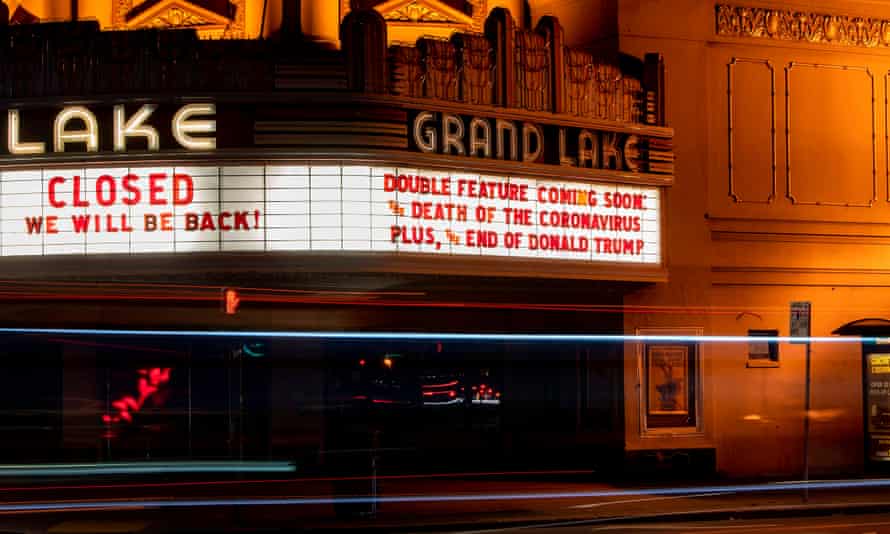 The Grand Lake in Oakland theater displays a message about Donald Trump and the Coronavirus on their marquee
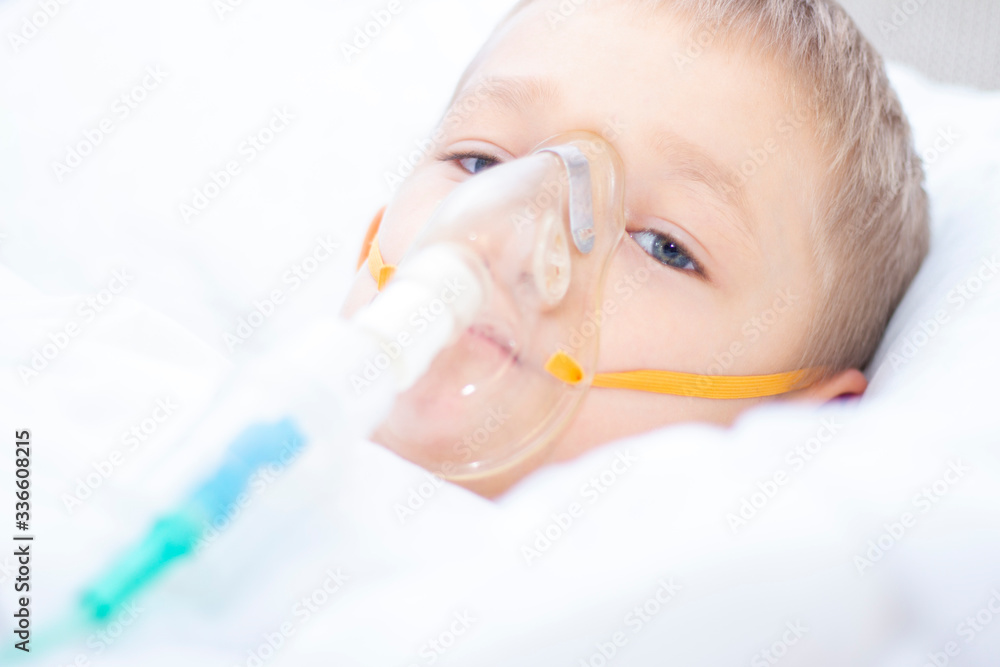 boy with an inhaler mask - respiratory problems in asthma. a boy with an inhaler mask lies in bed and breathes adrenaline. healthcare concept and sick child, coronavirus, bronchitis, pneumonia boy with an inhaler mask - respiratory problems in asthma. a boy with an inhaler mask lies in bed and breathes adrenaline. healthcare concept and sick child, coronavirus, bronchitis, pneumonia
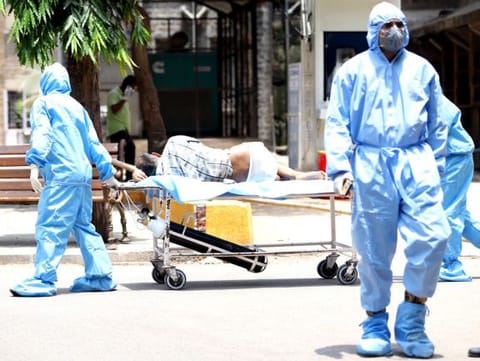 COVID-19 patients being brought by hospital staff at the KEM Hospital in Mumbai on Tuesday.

...

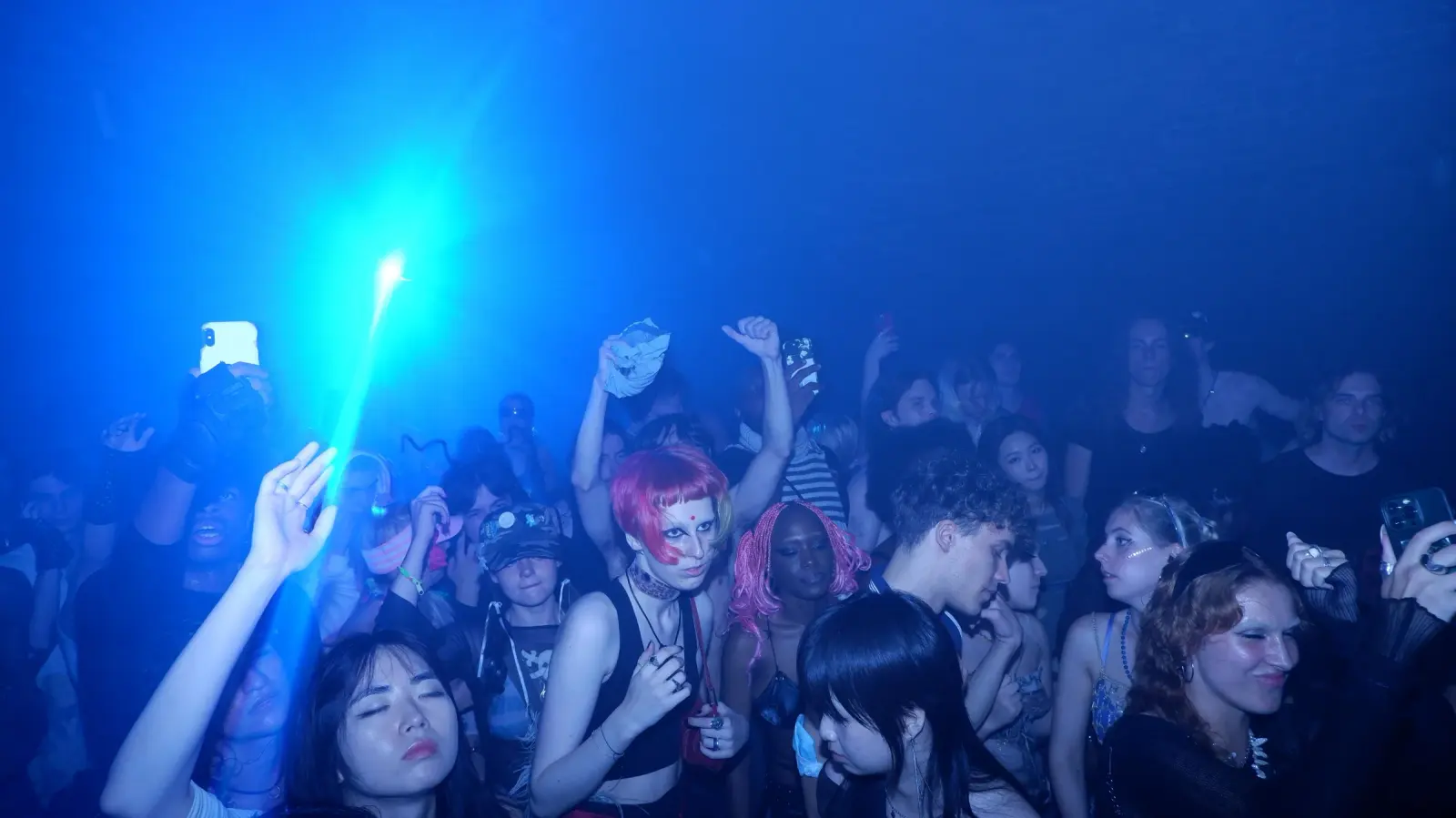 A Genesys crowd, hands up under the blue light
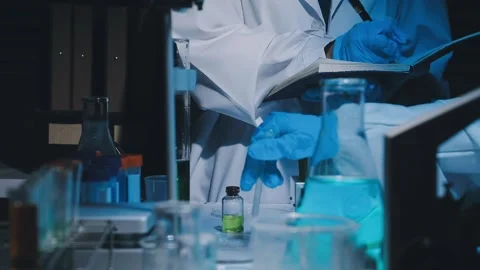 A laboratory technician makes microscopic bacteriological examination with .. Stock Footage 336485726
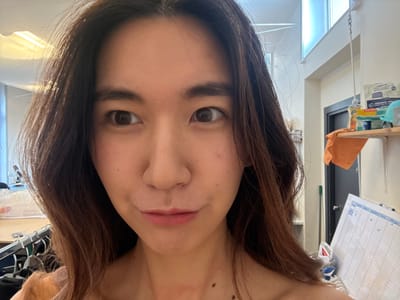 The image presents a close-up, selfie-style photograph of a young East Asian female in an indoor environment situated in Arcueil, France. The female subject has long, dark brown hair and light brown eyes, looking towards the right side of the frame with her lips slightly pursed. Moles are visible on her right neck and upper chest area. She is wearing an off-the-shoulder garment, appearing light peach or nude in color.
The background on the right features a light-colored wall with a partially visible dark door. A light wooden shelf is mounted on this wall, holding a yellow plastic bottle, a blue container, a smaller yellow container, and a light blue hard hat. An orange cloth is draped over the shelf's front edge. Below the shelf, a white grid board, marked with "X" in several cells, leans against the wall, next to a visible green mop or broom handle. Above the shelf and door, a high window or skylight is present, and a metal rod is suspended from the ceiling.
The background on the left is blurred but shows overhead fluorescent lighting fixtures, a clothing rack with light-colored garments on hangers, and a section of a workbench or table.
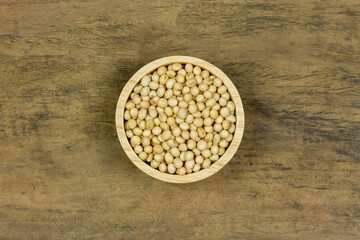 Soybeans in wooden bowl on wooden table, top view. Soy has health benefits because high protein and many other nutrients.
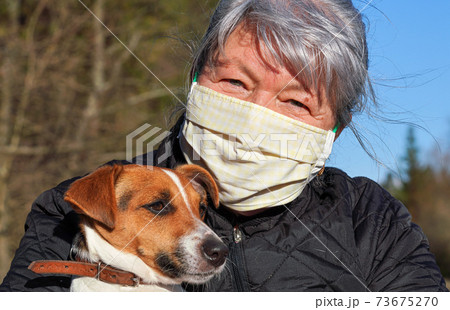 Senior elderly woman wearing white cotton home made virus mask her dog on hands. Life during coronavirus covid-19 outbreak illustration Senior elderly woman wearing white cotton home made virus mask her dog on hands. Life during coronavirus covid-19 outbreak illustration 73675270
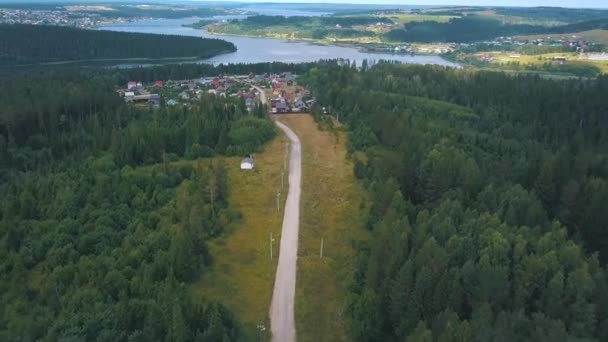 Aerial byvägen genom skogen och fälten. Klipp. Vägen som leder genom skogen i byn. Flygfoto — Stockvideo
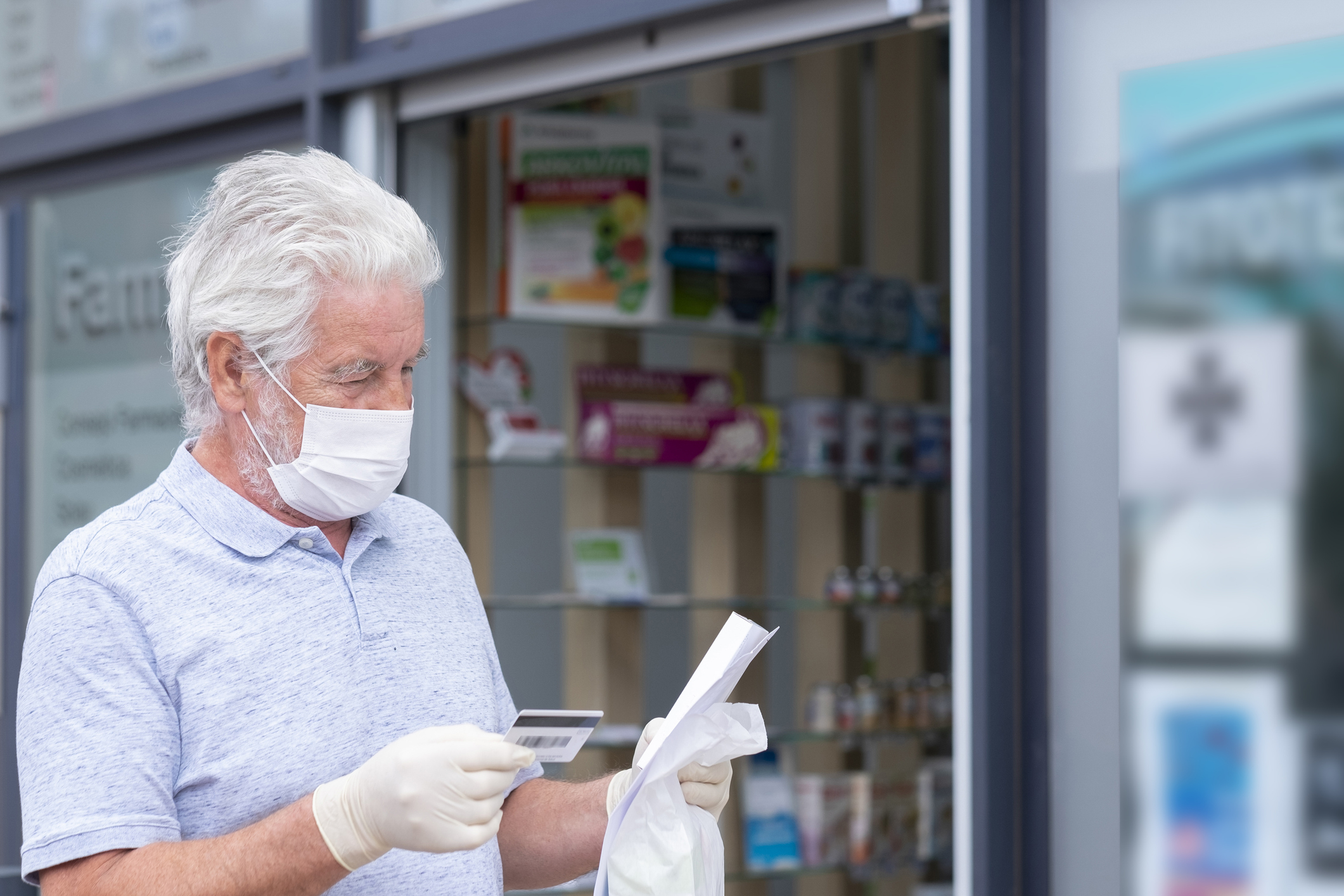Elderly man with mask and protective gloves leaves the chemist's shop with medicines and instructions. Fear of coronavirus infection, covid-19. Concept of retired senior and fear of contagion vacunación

EXERCISE OBJECTIVE: Your answer is the exact run of lines above from the one with "Aerial byvägen genom" through the one with "Elderly man with", both ends included, minus any picture.

SOLUTION FOR THIS EXERCISE:
 Aerial byvägen genom skogen och fälten. Klipp. Vägen som leder genom skogen i byn. Flygfoto — Stockvideo
Elderly man with mask and protective gloves leaves the chemist's shop with medicines and instructions. Fear of coronavirus infection, covid-19. Concept of retired senior and fear of contagion vacunación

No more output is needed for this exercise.